■ **RECORDS FOR THIS TASK**

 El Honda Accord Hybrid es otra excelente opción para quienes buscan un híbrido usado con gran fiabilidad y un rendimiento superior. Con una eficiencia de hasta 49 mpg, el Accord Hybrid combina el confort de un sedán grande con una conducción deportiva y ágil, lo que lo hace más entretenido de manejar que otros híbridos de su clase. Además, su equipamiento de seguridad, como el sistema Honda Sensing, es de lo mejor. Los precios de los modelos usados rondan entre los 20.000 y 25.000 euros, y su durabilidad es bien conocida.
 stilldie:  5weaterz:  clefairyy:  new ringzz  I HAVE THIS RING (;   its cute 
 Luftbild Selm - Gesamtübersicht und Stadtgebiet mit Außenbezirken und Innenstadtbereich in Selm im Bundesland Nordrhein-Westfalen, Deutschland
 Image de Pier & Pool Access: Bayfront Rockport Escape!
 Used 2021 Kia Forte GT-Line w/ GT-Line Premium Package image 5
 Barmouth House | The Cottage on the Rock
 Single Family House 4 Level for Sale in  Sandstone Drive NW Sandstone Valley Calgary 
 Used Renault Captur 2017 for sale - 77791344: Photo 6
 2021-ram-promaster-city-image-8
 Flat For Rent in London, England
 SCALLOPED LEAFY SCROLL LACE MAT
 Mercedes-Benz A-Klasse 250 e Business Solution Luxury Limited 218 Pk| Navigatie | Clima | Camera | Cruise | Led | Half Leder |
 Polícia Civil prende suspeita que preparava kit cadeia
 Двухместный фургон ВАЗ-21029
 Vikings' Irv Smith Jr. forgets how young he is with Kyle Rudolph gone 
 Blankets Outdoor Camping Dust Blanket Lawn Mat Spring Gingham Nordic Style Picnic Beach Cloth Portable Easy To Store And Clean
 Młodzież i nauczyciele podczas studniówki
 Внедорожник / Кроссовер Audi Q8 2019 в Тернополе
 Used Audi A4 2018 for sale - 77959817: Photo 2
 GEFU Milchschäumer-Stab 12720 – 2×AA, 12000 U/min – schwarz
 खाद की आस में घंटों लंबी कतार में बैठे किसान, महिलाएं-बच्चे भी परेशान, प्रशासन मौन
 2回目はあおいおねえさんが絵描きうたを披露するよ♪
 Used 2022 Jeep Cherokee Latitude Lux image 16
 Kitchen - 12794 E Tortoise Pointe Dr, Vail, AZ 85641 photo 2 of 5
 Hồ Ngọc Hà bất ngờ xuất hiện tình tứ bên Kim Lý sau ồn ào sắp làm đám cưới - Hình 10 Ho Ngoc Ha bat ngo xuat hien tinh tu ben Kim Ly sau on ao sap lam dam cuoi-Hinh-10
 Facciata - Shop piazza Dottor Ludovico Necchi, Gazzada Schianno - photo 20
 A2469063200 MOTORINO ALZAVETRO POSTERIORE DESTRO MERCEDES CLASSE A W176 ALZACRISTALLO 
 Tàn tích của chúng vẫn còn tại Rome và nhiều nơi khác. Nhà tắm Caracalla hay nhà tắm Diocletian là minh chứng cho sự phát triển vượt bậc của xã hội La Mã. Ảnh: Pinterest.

■ **YOUR OBJECTIVE**
The answer must be every line of the data that holds the word "Used".

■ **RESPONSE TO THE TASK**
 Used 2021 Kia Forte GT-Line w/ GT-Line Premium Package image 5
 Used Renault Captur 2017 for sale - 77791344: Photo 6
 Used Audi A4 2018 for sale - 77959817: Photo 2
 Used 2022 Jeep Cherokee Latitude Lux image 16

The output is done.